What is Research Data?

Organise files into a hierarchical folder structure: start broad and drill down into specific areas, using a sensible number of folders with meaningful names
Use a consistent file naming convention across a project so that you and your colleagues can easily find and identify files
Avoid spaces and special characters in file names; use hyphens or underscores to separate parts of the name instead
Use the YYYYMMDD (ISO 8601) date format in file names to ensure files sort correctly in date order
Use version numbers (e.g. v1.0, v1.1) or date-based suffixes to track document versions, and keep earlier versions in a clearly named subfolder
Version control tools such as Git and GitHub are particularly useful for text-based files (code, scripts, documentation) that change frequently or are worked on collaboratively

Variables in tabular data can be numeric, string, categorical, or date/time, and a single variable may have both a conceptual type (how it is used) and a technical format (how it is stored).

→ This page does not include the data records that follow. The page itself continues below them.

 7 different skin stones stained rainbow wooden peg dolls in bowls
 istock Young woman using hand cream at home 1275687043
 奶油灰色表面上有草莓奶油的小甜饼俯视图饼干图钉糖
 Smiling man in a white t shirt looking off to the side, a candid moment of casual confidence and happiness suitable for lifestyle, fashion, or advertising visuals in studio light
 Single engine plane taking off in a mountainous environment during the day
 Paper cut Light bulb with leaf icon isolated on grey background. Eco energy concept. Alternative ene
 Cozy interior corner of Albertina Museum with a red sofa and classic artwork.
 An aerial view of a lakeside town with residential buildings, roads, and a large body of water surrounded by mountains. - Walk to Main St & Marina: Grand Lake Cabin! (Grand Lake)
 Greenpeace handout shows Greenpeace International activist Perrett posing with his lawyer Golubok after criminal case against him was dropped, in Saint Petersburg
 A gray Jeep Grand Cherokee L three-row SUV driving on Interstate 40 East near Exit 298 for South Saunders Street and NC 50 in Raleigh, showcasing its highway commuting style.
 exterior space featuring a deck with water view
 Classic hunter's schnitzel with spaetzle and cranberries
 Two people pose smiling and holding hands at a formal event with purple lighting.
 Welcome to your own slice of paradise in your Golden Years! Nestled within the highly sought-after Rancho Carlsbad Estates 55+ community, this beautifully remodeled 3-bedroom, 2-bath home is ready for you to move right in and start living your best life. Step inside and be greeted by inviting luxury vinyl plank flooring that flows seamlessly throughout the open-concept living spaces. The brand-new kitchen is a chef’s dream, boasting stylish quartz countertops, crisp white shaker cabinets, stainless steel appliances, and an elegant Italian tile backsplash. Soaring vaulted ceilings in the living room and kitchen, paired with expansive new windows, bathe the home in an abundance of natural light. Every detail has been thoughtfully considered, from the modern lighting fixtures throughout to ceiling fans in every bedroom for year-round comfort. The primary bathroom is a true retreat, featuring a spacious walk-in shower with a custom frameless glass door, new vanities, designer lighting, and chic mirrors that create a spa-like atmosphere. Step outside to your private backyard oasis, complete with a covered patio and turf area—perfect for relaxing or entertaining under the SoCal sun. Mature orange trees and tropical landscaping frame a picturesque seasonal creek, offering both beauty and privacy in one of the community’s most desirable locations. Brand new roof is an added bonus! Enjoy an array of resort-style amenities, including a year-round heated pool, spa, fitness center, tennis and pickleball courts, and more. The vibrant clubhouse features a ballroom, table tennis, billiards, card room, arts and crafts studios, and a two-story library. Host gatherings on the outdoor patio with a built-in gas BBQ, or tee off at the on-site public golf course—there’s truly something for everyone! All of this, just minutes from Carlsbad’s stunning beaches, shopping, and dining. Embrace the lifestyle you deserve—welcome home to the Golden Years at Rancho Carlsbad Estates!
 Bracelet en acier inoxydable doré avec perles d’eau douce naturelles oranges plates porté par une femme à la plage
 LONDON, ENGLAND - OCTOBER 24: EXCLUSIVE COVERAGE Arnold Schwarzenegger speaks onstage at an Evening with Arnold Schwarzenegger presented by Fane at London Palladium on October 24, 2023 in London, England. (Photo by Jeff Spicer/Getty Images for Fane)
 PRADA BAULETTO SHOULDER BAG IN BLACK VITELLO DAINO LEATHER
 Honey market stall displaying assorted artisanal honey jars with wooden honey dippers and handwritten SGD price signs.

Data inconsistencies such as mixed cases, varying formats, and invalid values can cause errors during analysis and should be identified before working with a dataset.
Inconsistencies are easier to prevent than to fix, so enforcing formats, using drop-down menus, and adding validation rules during data collection reduces the need for cleaning later.
Documenting data collection guidelines before collecting data ensures consistency and supports reproducibility for collaborators and future users.
A data dictionary describes the variables in a dataset, including their names, types, possible values, and units, making the dataset easier to understand and use correctly.